The Block is no longer an entertainment value

Robin Miller

July 06, 1992|By Robin Miller

LARRY (not his real name; he's married) believes the owners of bars on The Block are more of a threat to their own establishments than all the moralists in the world. "Twenty bucks to buy a showgirl a drink? What a [deleted] joke! Five bucks for a can of Miller for me? It's stupid!" says Larry.

Prices of some of the more exotic services available in East Baltimore Street bars have gone up, too. Back in the good old days (circa 1988), a customer could buy a showgirl a small bottle of champagne for $40 or $50, which gave him the right to join her in a private booth or back room, where the two of them would . . .

. . . Well, let's just say the customer would enjoy the showgirl's companionship in a very complex way, if he was willing to tip $30 or $40 over the money spent on champagne. And all this fine companionship could be charged to a major credit card, under a name like "Professional Business Services Inc.," so a suspicious wife (or corporate auditor) couldn't figure out what the money really bought.

Today, sources tell me, the going price for a bottle of Block champagne, including companionship, is between $80 and $120, and the companion may demand a $100 or $150 tip for services beyond a smile and a bit of conversation. Even the most liberal wife (or corporate auditor) is going to question this level of expenditure.

Just to sit and watch girls dance, Block customers pay $4 to $6 for their own drinks, and they're expected to buy drinks for showgirls who join them at the bar and do nothing but talk. Bar drinks for the girls cost anywhere from $15 to $25. And, says one showgirl, "To get my pay [about $45 for a six-hour shift], I have to sell at least four drinks every shift. They ain't many customers sometimes. I can't always do it."

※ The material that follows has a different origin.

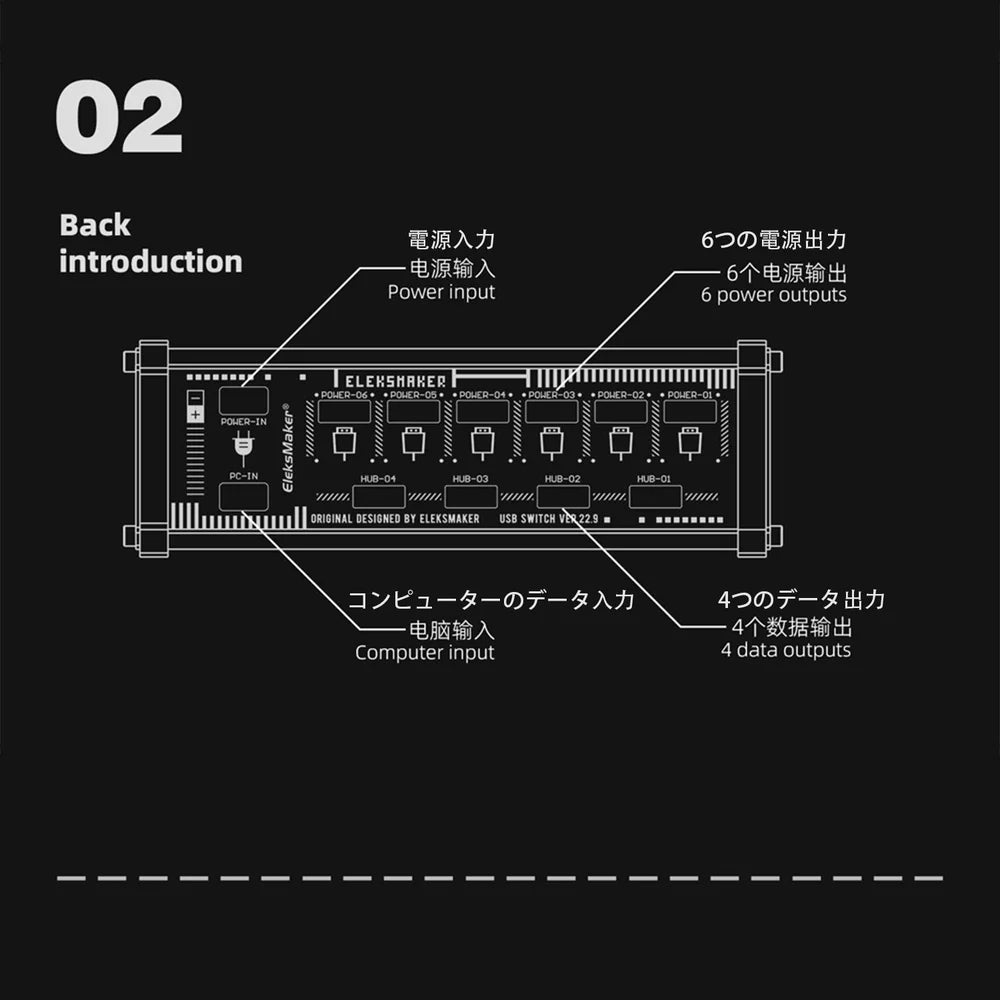 Eleksmaker NK4 USB 15W Data Powered Hub with Individual LED Power Switches - i-Station Mobile Phone & Electronic Device Repair and Accessories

She feels the pressure, all the time; drinks not sold on Monday must be made up on Tuesday or she loses her job, which doesn't pay all that much more than she used to earn as a waitress. "I don't really make any money for myself unless I sell a bottle of champagne," she says, "and get a guy into the back room."

"Tom" is an attorney from Atlanta who comes to Baltimore three or four times a year on business. "The Block bars simply charge too much for what you get there these days," he says. "I bet that's the real reason the city wants to get rid of them, that they've become a rip-off."

Tom used to be a Block regular. Now, when he's in Baltimore and feeling lonely, he goes to a suburban girlie joint. "The girls are cuter," he says, "and the drinks are cheaper."

In suburban topless bars, there are no back rooms or private booths; customers simply watch the girls dance. So, Tom says, "after I've watched the dancers for awhile, I go pick up a [streetwalker] and take her back to the hotel with me. Half the girls on the street in Baltimore charge less for a [common sexual act] than it costs to buy one drink for a girl in a Block bar."

Tom didn't stop going to The Block because Mayor Schmoke told him he shouldn't hang out there. He stopped going because he, like Larry, decided Block bars weren't giving him his money's worth. "They've run their prices up so high that no one can afford them anymore," says Tom.

I've been in a few Block bars myself, over the years, and Tom's right. They no longer offer a good entertainment value. Block bouncers and bartenders are ruder than they used to be, too. And outside the bars, especially late at night, a patron is confronted with an endless string of panhandlers and dangerous-looking teen-agers with empty eyes.

If the owners of Block bars hired private security guards to patrol the area, worked to make their establishments more presentable and charged reasonable prices, one could make a good case for trying to save their businesses from the blue-noses who want to see them go away.

But Block bar owners, like other American businessmen, are too short-sighted to see beyond this month's profits. All they are doing is raising prices and complaining, instead of trying to figure out why their customers are disappearing.

When the Block bars die, their owners no doubt will claim they were killed by moralists and developers. In truth, The Block's death will be suicide, and the weapon used will be the bar owners' greed.

Robin Miller drives a cab in Baltimore.